This is a follow up to my previous question which turned out to be wrong. Now my question instead is this:
Given a $\delta$-hyperbolic space $(X,d)$ (with Rips triangle condition: a point on any side is contained in the $\delta$-neighbourhood of the union of the other two sides) and two (unit speed) geodesic rays $\gamma_1, \gamma_2$ originating from the same point $x$. If there is some $t$ such that $d(\gamma_1(t), \gamma_2(t)) \leq \delta$ then for any $0 \leq t_0 \leq t$ there exists a $t_1$ such that $d(\gamma_1(t_0), \gamma_2(t_1)) \leq \delta$. In particular if we found a point in a geodesic triangle which connects (with distance less than $\delta$) to one side, then the points closer to the starting vertex also prefer to connect to the same side. Any hints or a proof?
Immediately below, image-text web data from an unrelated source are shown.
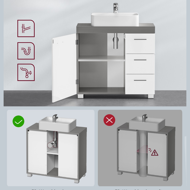 Skrinka pod umývadlo IVY, 30x70x64cm, biela/šedá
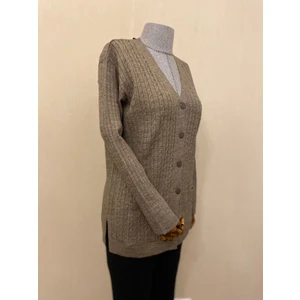 Triko Kışlık Yün Anne Hırka / Vizon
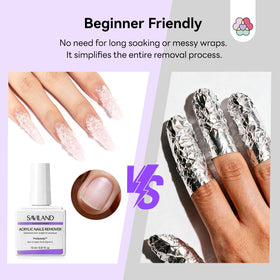 SAVILAND product in use removing acrylic to demonstrate faster, cleaner removal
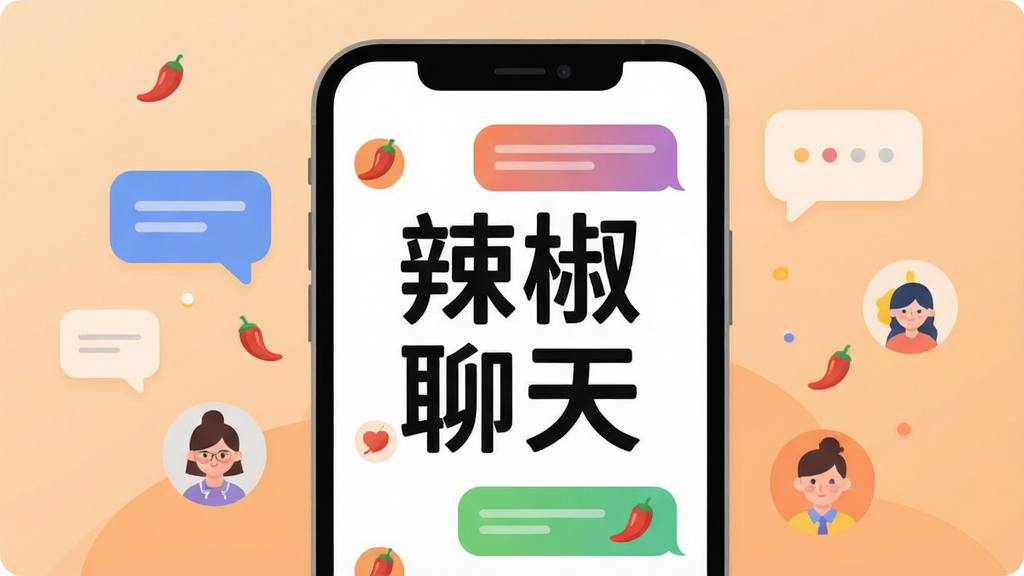 画面中央放置一部智能手机,手机屏幕上显示“辣椒聊天”四个大字的聊天应用界面,界面中有彩色聊天气泡和辣椒形状的图标,手机两侧漂浮着简约的对话气泡和联系人头像,背景为干净的浅橙色渐变,整体采用扁平化UI插画风格,细节上突出圆角图标与清晰文字排版,画质清晰干净,无多余装饰元素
Sadly this is still not true. Consider again the Cayley graph of $\mathbb{Z}$ with generators $\{1,-1\}$. This looks like a chain of beeds, where each bead is a circle of diameter $2$. From the circle being diameter $2$ we get that this is a $\delta = \frac{1}{2}$-hyperbolic space.
Let $\gamma_1$ be the geodesic ray that goes to $+\infty$ by always taking the upper halfcircles and let $\gamma_2$ be the geodesic ray that goes to $+\infty$ by taking the lower halfcircles.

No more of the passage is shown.